Fazendo parte ativa na lapidação de um novo capítulo para a literatura na cidade de Londrina, Rodrigo Garcia Lopes fala, em um bate-papo exclusivo com a FOLHA, sobre o cenário cultural na cidade.
Qual o significado deste aniversário para você? Como é o sentimento de completar dez anos à frente de uma revista literária independente e de prestígio nacional?
Acho que ninguém imaginava chegar a tanto. É complicado, porque todos os anos precisamos contar com o apoio do Promic e nossas vidas, dos três editores, mudaram muito durante estes anos. Não sobrevivemos da revista. Longe disso.
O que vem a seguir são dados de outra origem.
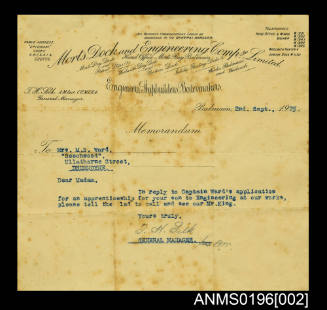 Letter from Thomas Hugh Silk, General Manager of Mort's Dock & Engineering Company Limited to Mrs M. B. Ward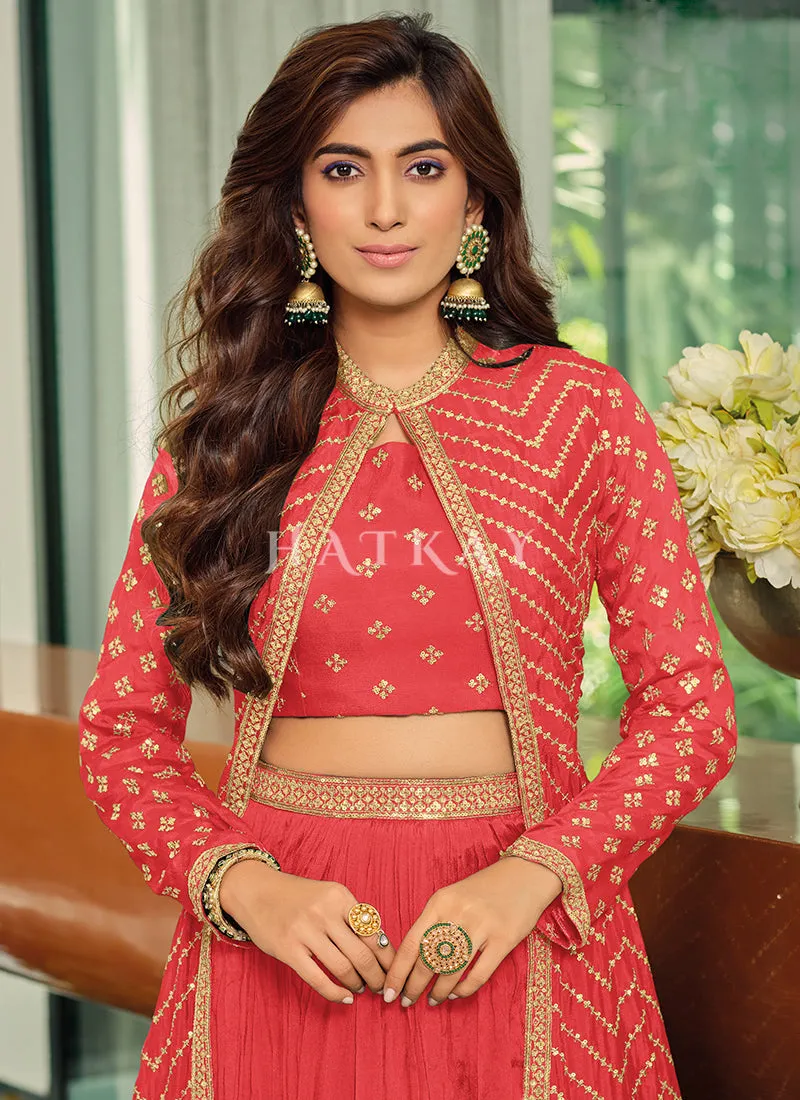 Pop Orange Sequence Jacket Style Chinon Lehenga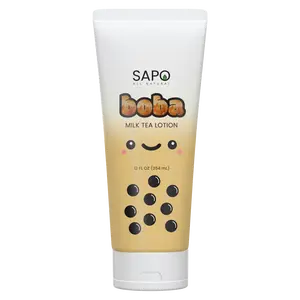 Sapo All Natural Boba Hand & Body Lotion - Creamy Moisturizer with Aloe, Coffee Extract & Vitamin E - Hydrating & Nourishing Caramel Vanilla Milk Tea Scented Cream for Smooth Soft Silky Skin - 12 oz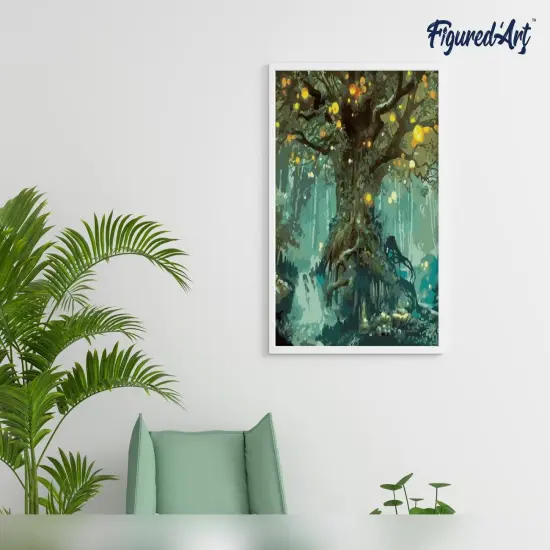 Figured'Art Paint by Numbers for Adults with Frame Fairy tree 16"x20" - Craft Art Painting DIY Kit Canvas Already Stretched on a Wooden Frame {4}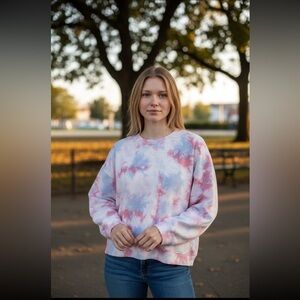 Eddie Bauer Tie-Dye Crewneck Sweatshirt Women’s XL Pastel Pink Blue Pullover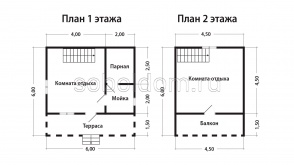 Баня из бруса Б-39, 6x6 м.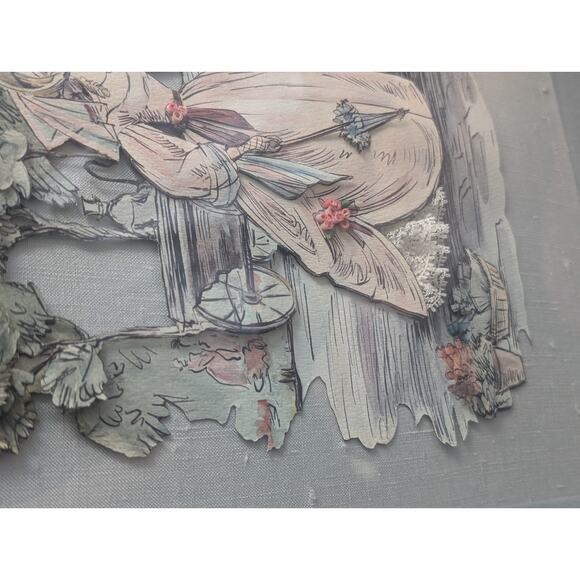 Parc Monceau Paris Mid Century Watercolor Shadowbox Tole Framed Art - Picture 7 of 8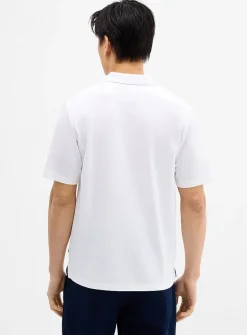 Zip-neck jersey polo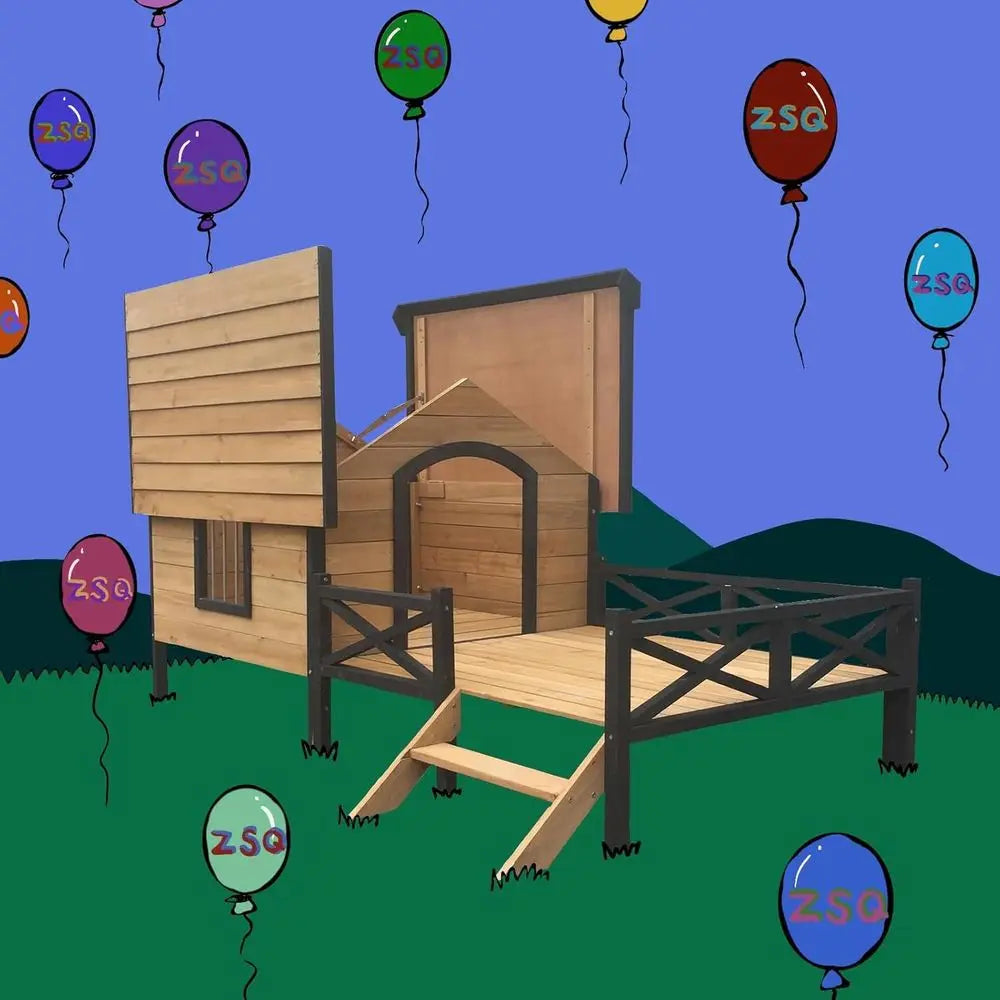 Spacious Wooden Dog Cabin with Porch - Outdoor Dog House Style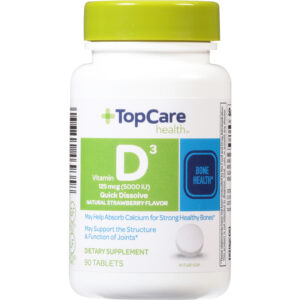 TopCare Health 125 mcg Natural Strawberry Flavor Vitamin D3 90 Tablets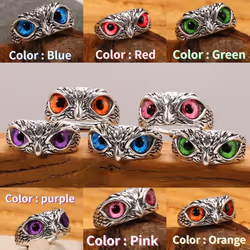 Fashion Demon Eye Owl Ring Adjustable  Rings For Women And Men Retro Animal Ring Party Jewelry Anniversary Gifts - green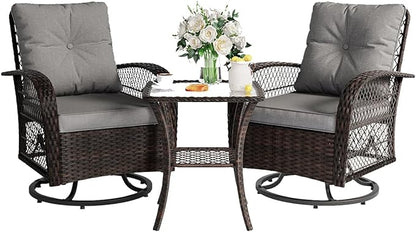 3 Pieces Patio Furniture Set, Outdoor Swivel Glider Rocker, Wicker Patio Bistro Set with Rocking Chair, Thickened Cushions and Table for Porch (Grey)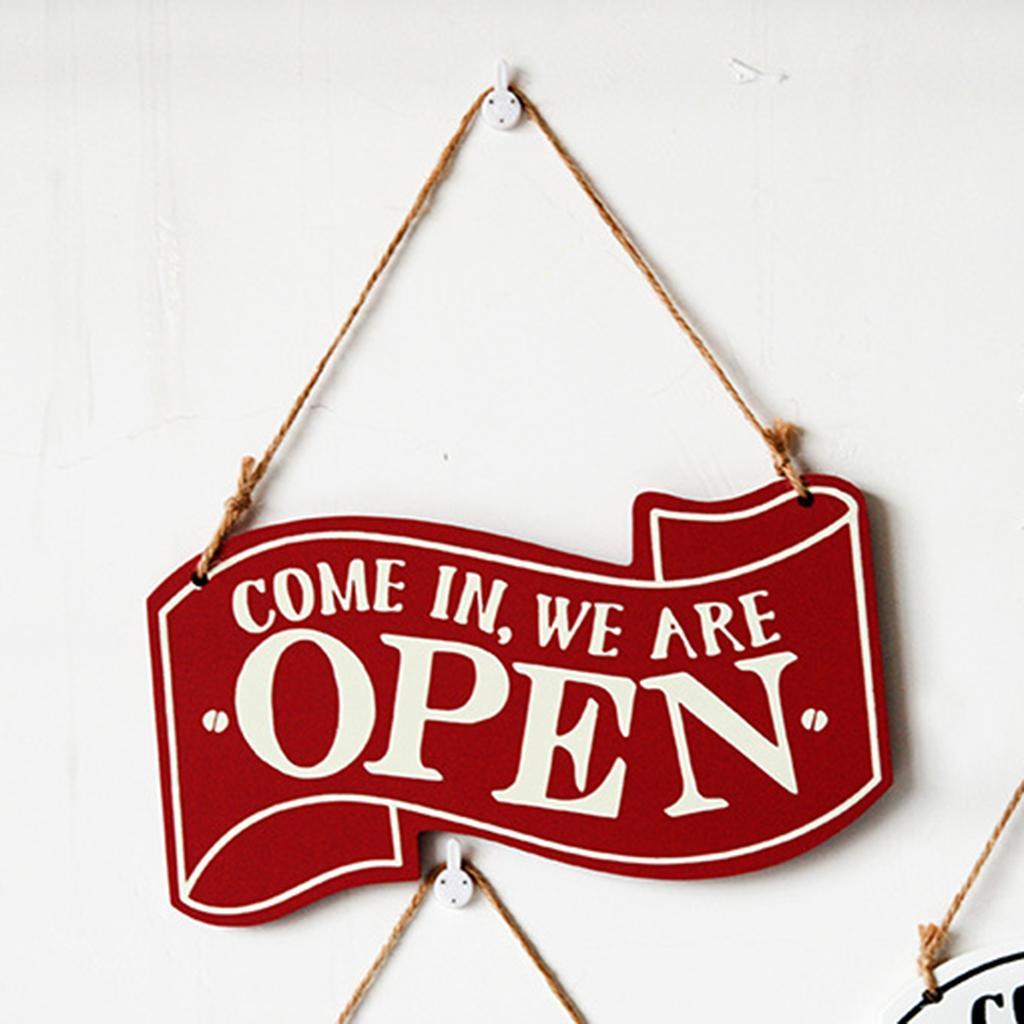 Open Closed Hanging Shop Sign With Hanging Rope For Shop Coffee Restaurant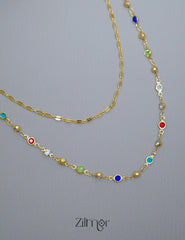 KT1011544 - Gold Tone Semi Precious stone Layered Necklace 4-Zilmor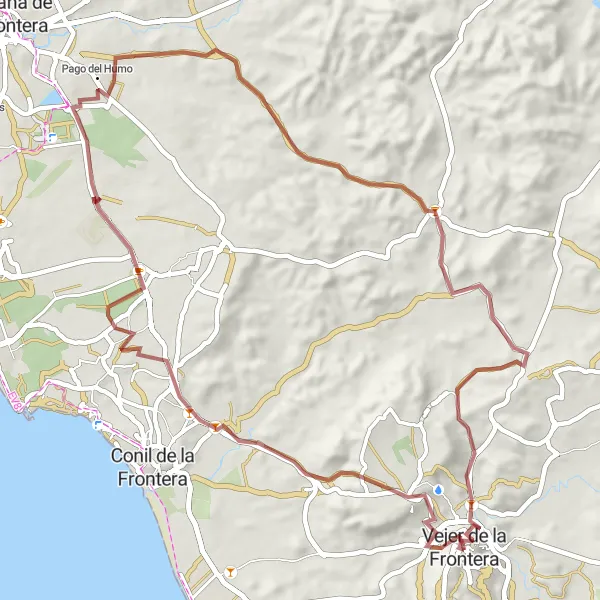 Miniatura della mappa di ispirazione al ciclismo "Escursione ciclistica tra bellezze naturali" nella regione di Andalucía, Spain. Generata da Tarmacs.app, pianificatore di rotte ciclistiche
Muitas vezes eu, o Losnak e o Ademir estamos com outros projetos, então a filtragem dos textos é feita nas horas vagas, e exige bastante esforço para nos reunirmos pessoalmente e fecharmos uma edição da revista.
Parece que, depois de dez anos, continua sendo um trabalho desafiante...
Apesar de ter 52 páginas, fechá-la dá um trabalhinho, viu? (risos) Além da parte da seleção e de filtragem, ainda procuramos decidir de forma unânime texto a texto, foto a foto. É um trabalho de 'guerrilha' cultural. A efemeridade sempre foi a marca de revistas literárias no Brasil, desde os anos 70. Eram revistas de curta duração, que não conseguiam uma perenidade. Manter um projeto marginal deste, sendo publicado por tanto tempo, não é fácil.
A revista conseguiu ser estruturada e sobrevive com o apoio do Promic (Programa Municipal de Incentivo à Cultura). Sem este suporte, o projeto seria inviável?
Inviável, com certeza. A gente sempre gosta de ressaltar isso, até porque somos bastante cobrados. E, especialmente por lidar com dinheiro público, é preciso ter transparência. O Promic é o que faz a revista ser possível, além da nossa persistência que consiste na satisfação em atuar dentro de uma área que tem este caráter de inconformismo, que não privilegia o mercado livreiro e que não faz política literária. Ao lado do texto de um iniciante, está um texto de alguém famoso como Marcelino Freire, Gilberto Nobre. Nós não publicamos nomes. Nós publicamos textos.
Pelo reconhecimento que a publicação alcançou nesses anos, muitos consideram um privilégio ser publicado pela Coyote. Você sente essa gratidão por parte dos autores?
É muito legal perceber como esta publicação é importante para os escritores, e como que a Coyote acabou se transformando em uma referência de qualidade e valor literário. Tentamos ter muito rigor em tudo que é publicado. Além disso, nós já publicamos na Coyote cerca de 40 nomes de Londrina, com trabalhos de escritores, poetas, ensaistas acadêmicos, fotógrafos, cartunistas, dramaturgos.
É possível afirmar que, assim como a Coyote é uma revista de criação, o Londrix também busca um aspecto diferenciado de outros festivais literários?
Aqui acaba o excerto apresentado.